Friday, November 30, 2012

You can’t be perfect all the time.

Time for a lousy topic. Memes.

The subtitled pictures have been around for a very long time, but in the last few years they’ve emerged from the caves of 4chan to the mainstream media. Some people still remember cats and ‘cheezburgers’, but the main source of meme intake appears to be 9gag. In a relatively short amount of time, kids on messageboards geeking out and complaining about everything became trendsetters for something… peculiar.

The main thing a meme is, is transitory. It’s here one moment and gone another, sometimes even using current events as background for the purposed of sharing a pun or subjective criticism. But even if it happens to be entertaining or funny, it is only so the first time you see it, very rarely a little longer. Afterwards you simply ignore it as it offers no new information, no new joke, no new emotions. Just a reaction ‘I’ve seen that one already’. And so they disappear, sometimes getting dug up a few years later just to bring scorn to whoever dug it. However, since people in general are not very creative (sure there are some brighter crayons around) and thus the same memes or concepts of memes get perpetuated ad nauseam.

So a meme is something you enjoy for a mere moment, later it simply becomes obsolete thrash that the Internet is full of anyways.
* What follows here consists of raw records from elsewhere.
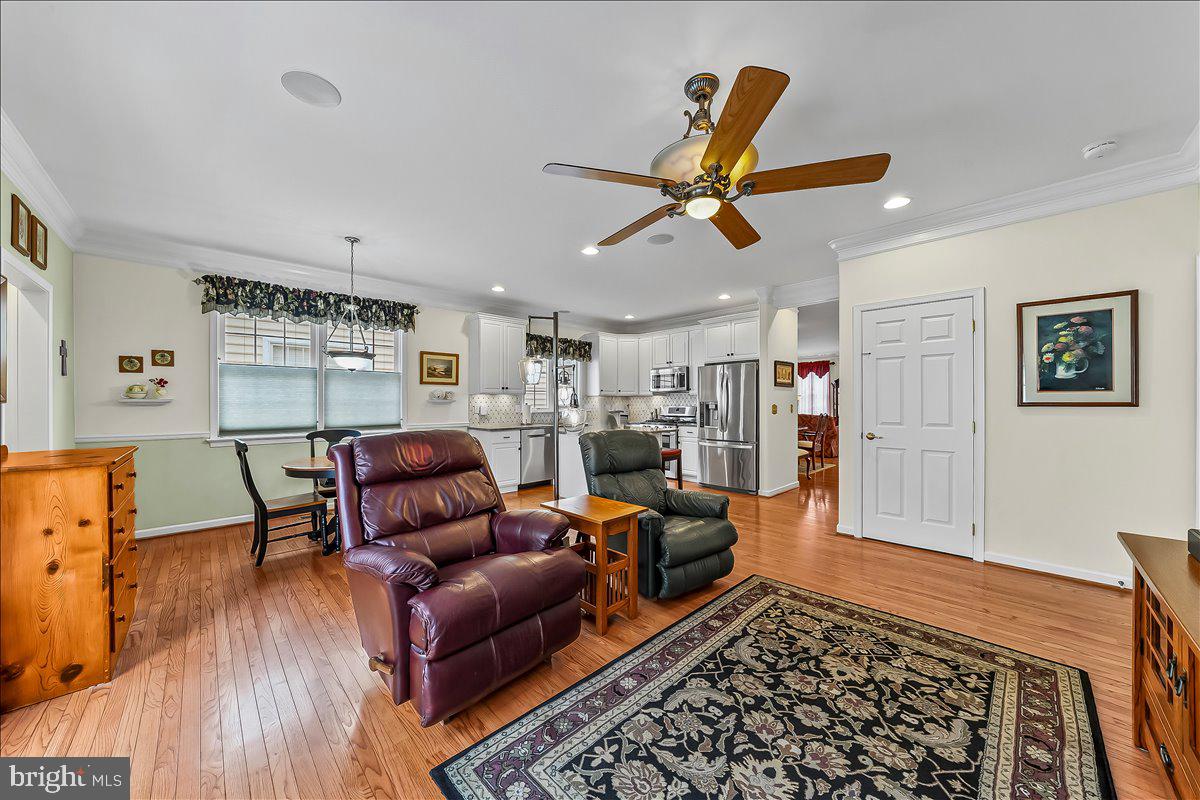 BRITTANY HILLS - Residential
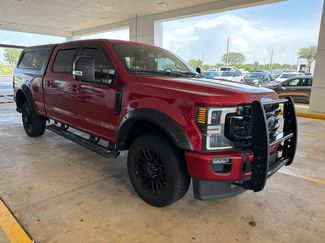 Used 2022 Ford F250 Lariat w/ Black Appearance Package AWD/4WD video 1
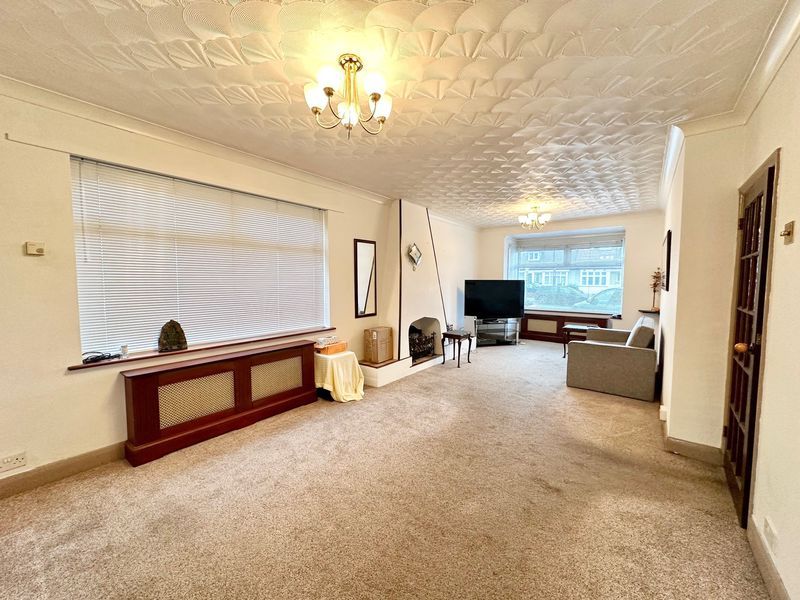 Property photo 3 of 17 Photo 9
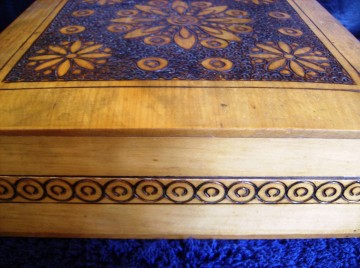 Houten Doos met ingebrandde decoratie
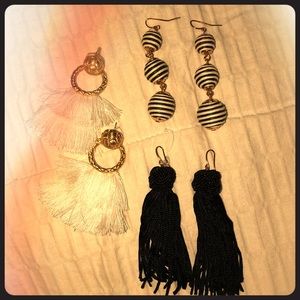 Earrings. Black and white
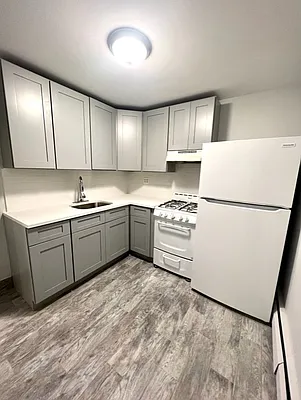 Rented by Bouklis Group | media 1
It comes in many shapes and sizes, and yet it is annoyingly repetitive in its nature and its content. They rarely offer new ideas, new points of view, they only have so many words to use. Quite frankly, it is more interesting to read ancient blog posts or listen to old videos of TEDtalks or at fora(.tv) than attempt to enjoy captioned pictures, one of a dozen maybe creating some kind of reaction, if you’re lucky.

 

Moreover, it might actually be more interesting to old (false) advertising than keep checking for new content.